Belanghebbende heeft bij brief van 29 november 2018 geklaagd over het feit dat hij drie termijnen van € 480 heeft voldaan, maar het op de navorderingsaanslag, boetebeschikking en heffingsrentebeschikking te betalen bedrag slechts is verminderd tot € 4.601 in plaats van tot € 4.307 (€ 5.747 min driemaal € 480).
De ontvanger heeft hier als volgt op gereageerd bij brief van 7 januari 2019:
“Naar aanleiding van uw brief 29 november 2018 deel ik u mede dat u drie termijnen heeft betaald te weten september 2018, oktober 2018, november 2018 en inmiddels de maand december 2018.
De betalingsregeling is ingegaan op 30 augustus 2018.
In augustus hebben wij geen betaling ontvangen waardoor u een brief ontvangt over een betalingsachterstand.
Als blijkt dat u in augustus 2018 wel een betaling heeft gedaan dan ontvangen wij graag een kopie van het bankafschrift.
Het bedrag € 294,00 is geboekt aan rente.
Rente word berekend na de laatste vervaldag van de aanslag 2 mei 2011.
Voor elke betaling die u doet word rente berekend vanaf de laatste vervaldag.
Van de betaling die u heeft verricht in december 2018 is er € 101,00 aan rente berekend.”
Bij brief van 14 januari 2019 heeft belanghebbende bezwaren geuit tegen het gedeeltelijk afboeken van de betalingen op de invorderingsrente.
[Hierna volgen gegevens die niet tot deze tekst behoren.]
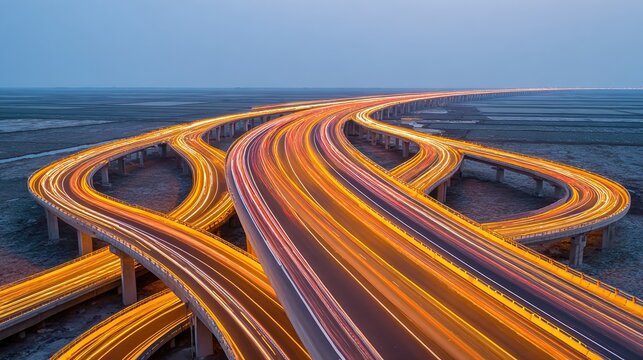A dynamic aerial view of a winding highway illuminated by car lights at dusk, showcasing modern infrastructure, Ideal for transportation, urban planning, or technology-related themes,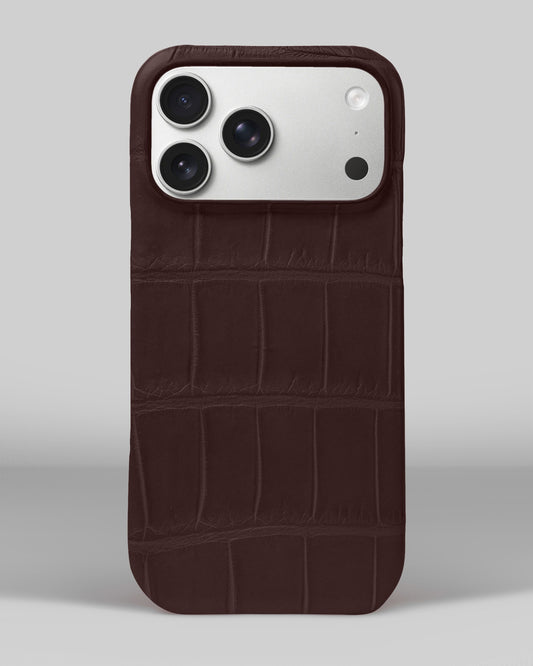 Темно-коричневий чохол обтягнутий шкірою крокодила для iPhone 18 Pro Max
De ontvanger heeft deze brief aangemerkt als bezwaar gericht tegen de brief van 7 januari 2019, die, aldus de ontvanger, kwalificeert als voor bezwaar vatbare beschikking als bedoeld in artikel 30, lid 1, Invorderingswet 1990 (hierna: IW 1990).
Bij uitspraak op bezwaar van 12 april 2019 heeft de ontvanger het bezwaar ongegrond verklaard.
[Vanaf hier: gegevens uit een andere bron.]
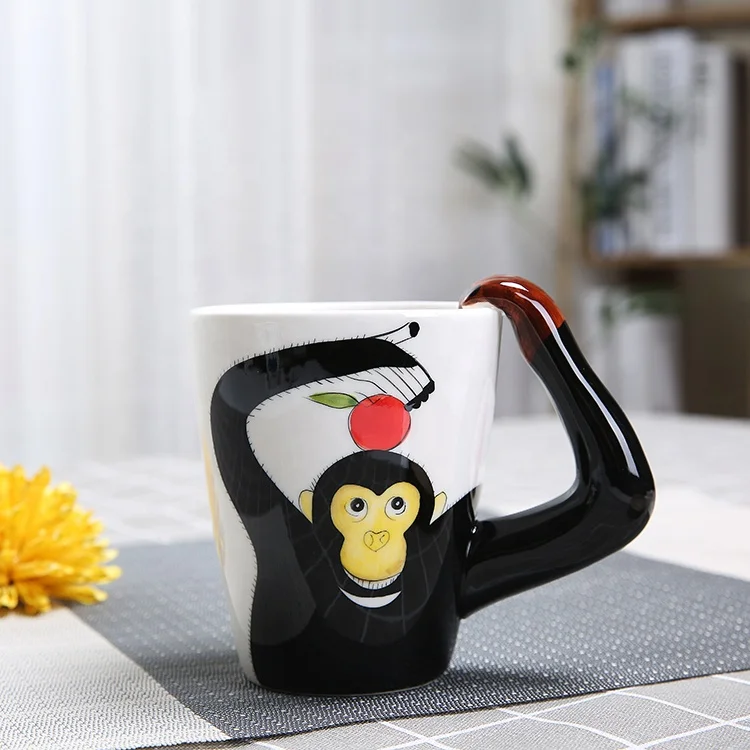 Custom lovely deer cartoon animal ceramic drinking mug with handle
Belanghebbende heeft beroep ingesteld tegen de uitspraak op bezwaar. Aanvankelijk stond de zitting bij de rechtbank gepland op 13 maart 2020. Bij brief van 12 maart 2020 heeft de ontvanger onder verwijzing naar de (dreigende) coronapandemie verzocht om de zitting te verplaatsen naar een nader te bepalen datum. De rechtbank heeft dit verzoek toegewezen. De zitting heeft plaatsgevonden op 25 juni 2020.
De rechtbank heeft het beroep ongegrond verklaard, de ontvanger veroordeeld in de proceskosten van belanghebbende ten bedrage van € 27,60 en gelast dat de ontvanger het door belanghebbende betaalde griffierecht van € 47 aan hem vergoedt. De veroordeling tot vergoeding van proceskosten en griffierecht heeft te maken met de – ook door de ontvanger erkende – schending van het motiveringsbeginsel in de uitspraak op bezwaar.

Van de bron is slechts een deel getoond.